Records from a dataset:

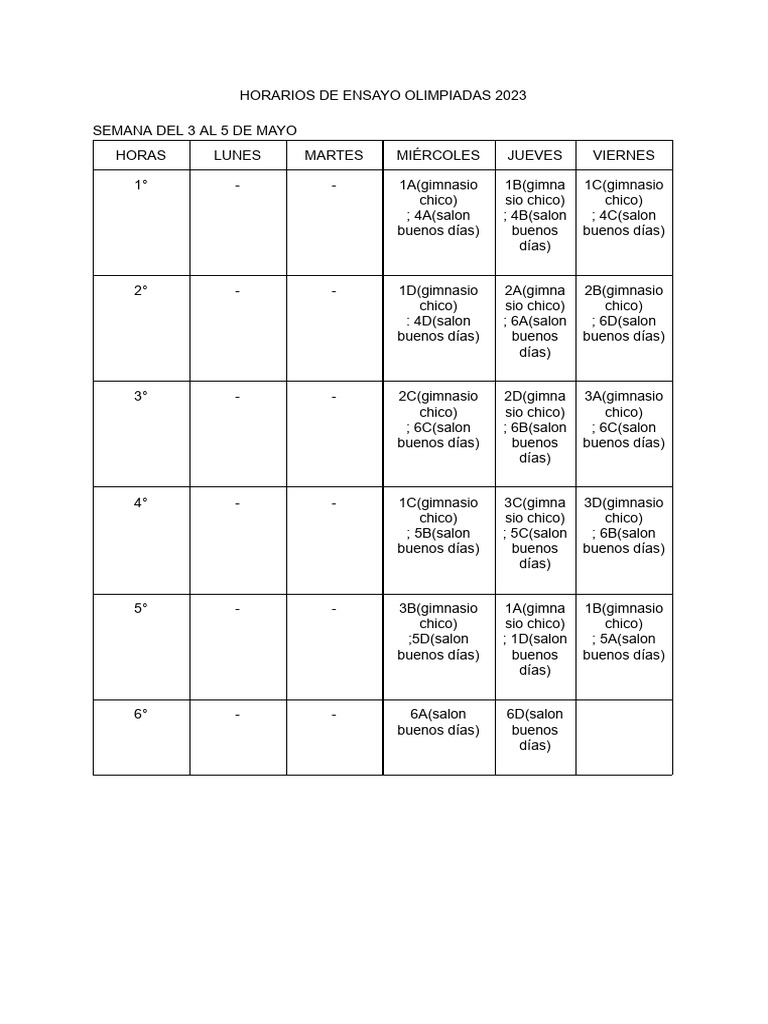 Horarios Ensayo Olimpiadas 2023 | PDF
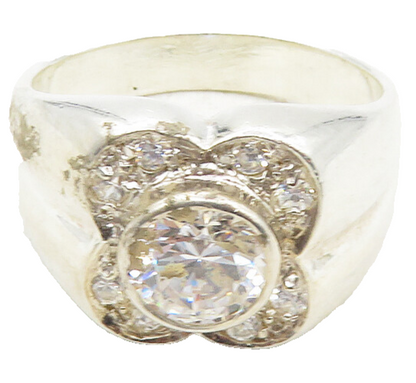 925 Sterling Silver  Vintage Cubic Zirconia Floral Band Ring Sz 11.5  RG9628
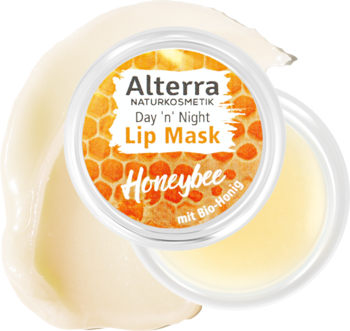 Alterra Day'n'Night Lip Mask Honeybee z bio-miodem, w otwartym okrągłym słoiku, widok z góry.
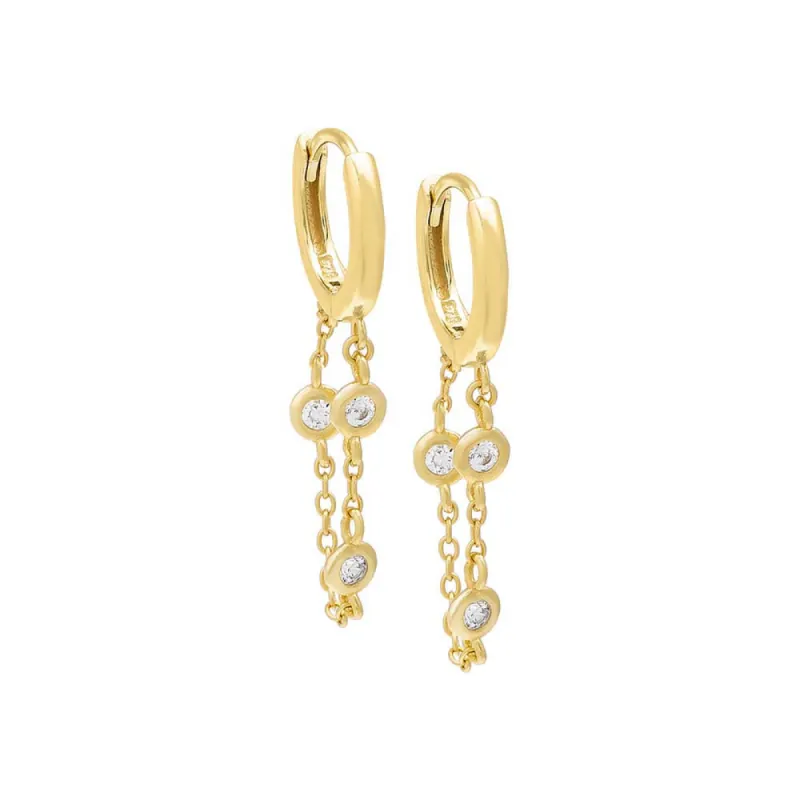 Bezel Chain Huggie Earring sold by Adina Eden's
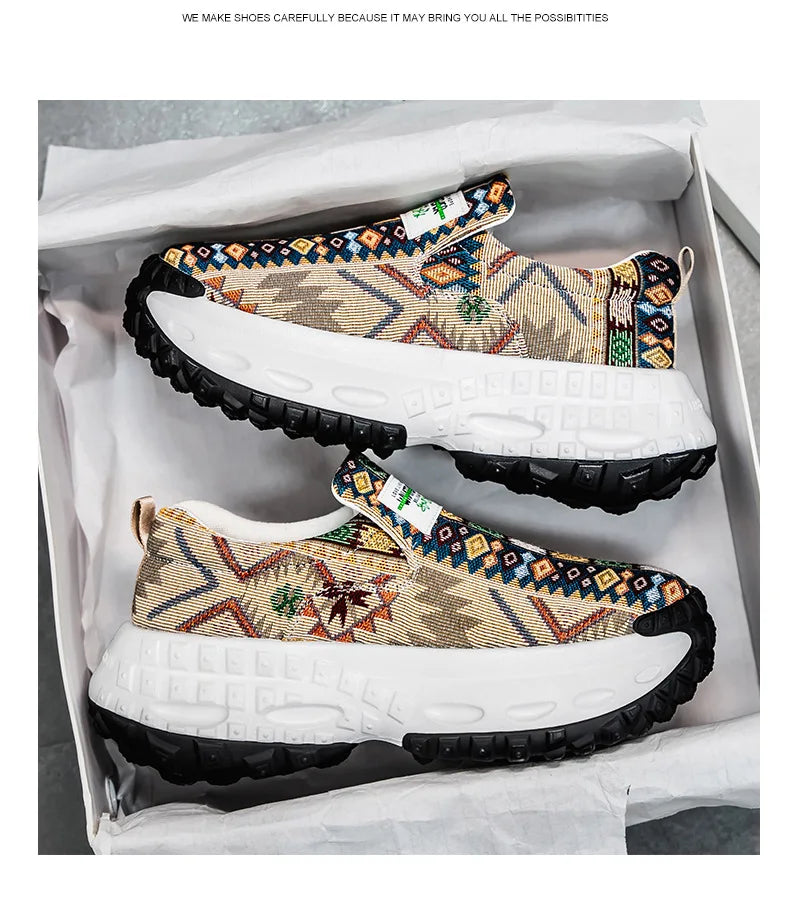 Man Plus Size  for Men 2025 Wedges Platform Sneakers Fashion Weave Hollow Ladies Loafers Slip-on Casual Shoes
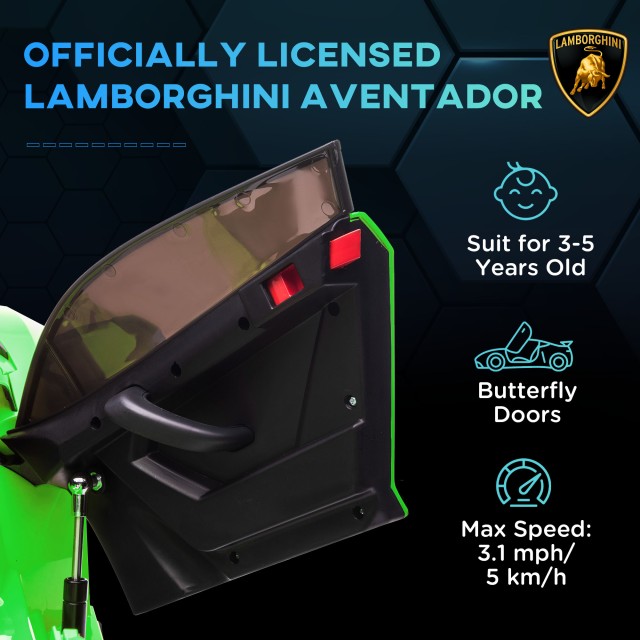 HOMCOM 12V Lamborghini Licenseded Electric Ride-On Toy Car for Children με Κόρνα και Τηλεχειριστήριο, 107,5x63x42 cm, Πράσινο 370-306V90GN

(PROBLEM TO WORK ON) When you find the line that contains "925 Sterling Silver", retype it and every line after it through the end of the data above, exactly, with no pictures.

(EXERCISE ANSWER)
 925 Sterling Silver  Vintage Cubic Zirconia Floral Band Ring Sz 11.5  RG9628
 Alterra Day'n'Night Lip Mask Honeybee z bio-miodem, w otwartym okrągłym słoiku, widok z góry.
 Bezel Chain Huggie Earring sold by Adina Eden's
 Man Plus Size  for Men 2025 Wedges Platform Sneakers Fashion Weave Hollow Ladies Loafers Slip-on Casual Shoes
 HOMCOM 12V Lamborghini Licenseded Electric Ride-On Toy Car for Children με Κόρνα και Τηλεχειριστήριο, 107,5x63x42 cm, Πράσινο 370-306V90GN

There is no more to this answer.